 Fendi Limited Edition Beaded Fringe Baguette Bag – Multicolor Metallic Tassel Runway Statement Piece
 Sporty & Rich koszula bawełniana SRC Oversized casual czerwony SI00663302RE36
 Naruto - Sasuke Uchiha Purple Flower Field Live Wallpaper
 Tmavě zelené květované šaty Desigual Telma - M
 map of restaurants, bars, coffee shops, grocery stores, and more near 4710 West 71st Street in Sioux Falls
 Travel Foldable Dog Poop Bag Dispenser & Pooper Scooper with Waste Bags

┄┄┄┄┄┄┄┄┄┄┄┄┄┄┄┄┄┄┄┄

(Assigned task) Nothing in the entries above may be left out; retype them all exactly.

(Response area)
 Fendi Limited Edition Beaded Fringe Baguette Bag – Multicolor Metallic Tassel Runway Statement Piece
 Sporty & Rich koszula bawełniana SRC Oversized casual czerwony SI00663302RE36
 Naruto - Sasuke Uchiha Purple Flower Field Live Wallpaper
 Tmavě zelené květované šaty Desigual Telma - M
 map of restaurants, bars, coffee shops, grocery stores, and more near 4710 West 71st Street in Sioux Falls
 Travel Foldable Dog Poop Bag Dispenser & Pooper Scooper with Waste Bags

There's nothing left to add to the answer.